Leave every image out, and return the rest of the data word for word.

- _Data for this task_
* * * *

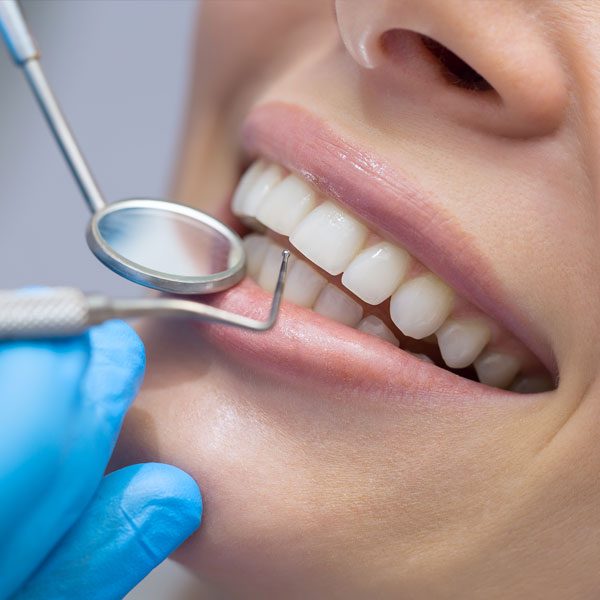 cpd-dental-cleaning-2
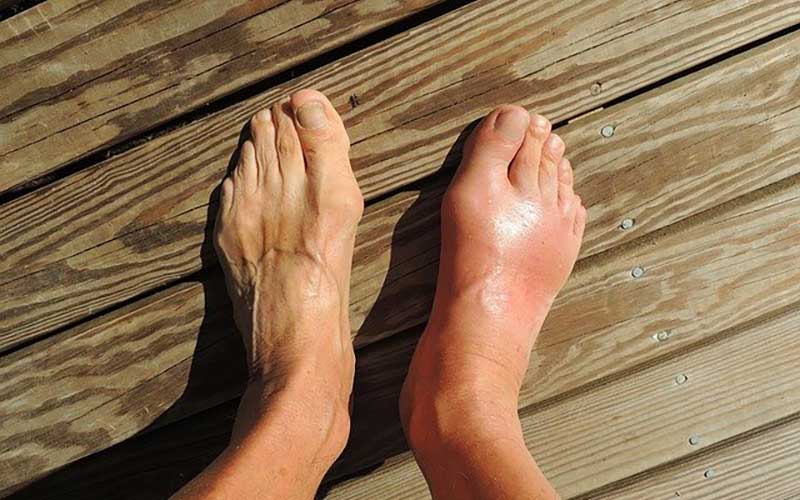 Nearly 9 million Americans suffer from gout, which is a form of inflammatory arthritis that typically affects the big toe.  It presents with sudden, severe attacks of pain, swelling, redness and tenderness, often waking you up in the middle of the night. LEARN MORE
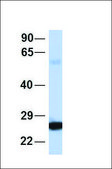 Anti-SOD2 antibody produced in rabbit affinity isolated antibody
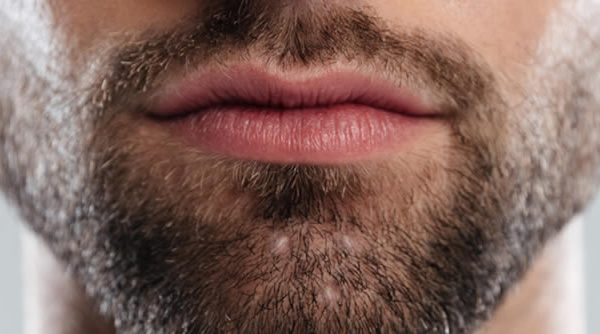 Foliculitis: descripción, síntomas, diagnóstico y tratamiento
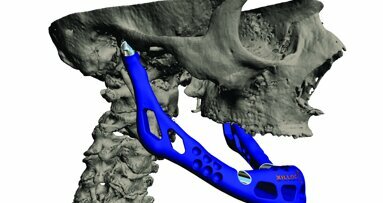 LayerWise construit le premier implant personnalisé de reconstruction mandibulaire totale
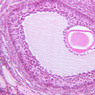 B94, Ovary, 20x (H&E)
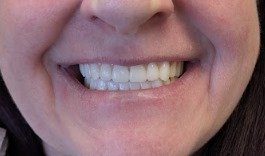 GN Dental Yuba City | Implant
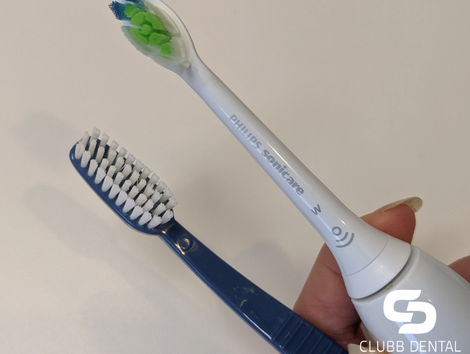 Clubb Dental Manual vs Electric toothbrush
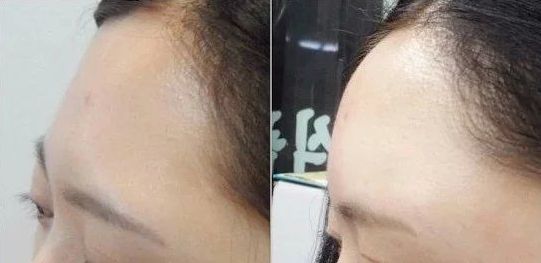 沈陽(yáng)私密整形去哪家好？專(zhuān)家推薦排行榜2023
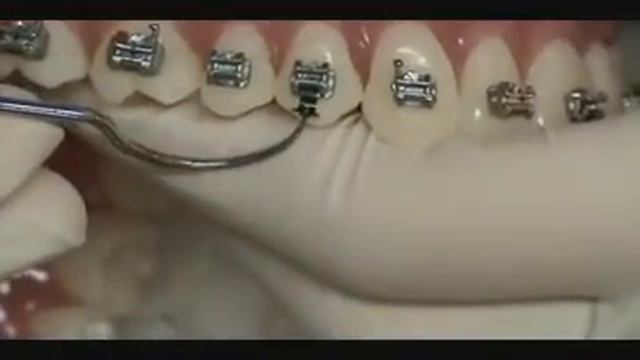 Замена клипсы брекетов Quick смотреть онлайн
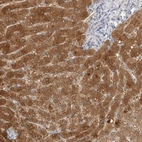 Immunohistochemical staining of human liver shows high expression.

* * * *

- _Answer to the problem_
 cpd-dental-cleaning-2
 Nearly 9 million Americans suffer from gout, which is a form of inflammatory arthritis that typically affects the big toe.  It presents with sudden, severe attacks of pain, swelling, redness and tenderness, often waking you up in the middle of the night. LEARN MORE
 Anti-SOD2 antibody produced in rabbit affinity isolated antibody
 Foliculitis: descripción, síntomas, diagnóstico y tratamiento
 LayerWise construit le premier implant personnalisé de reconstruction mandibulaire totale
 B94, Ovary, 20x (H&E)
 GN Dental Yuba City | Implant
 Clubb Dental Manual vs Electric toothbrush
 沈陽(yáng)私密整形去哪家好？專(zhuān)家推薦排行榜2023
 Замена клипсы брекетов Quick смотреть онлайн
 Immunohistochemical staining of human liver shows high expression.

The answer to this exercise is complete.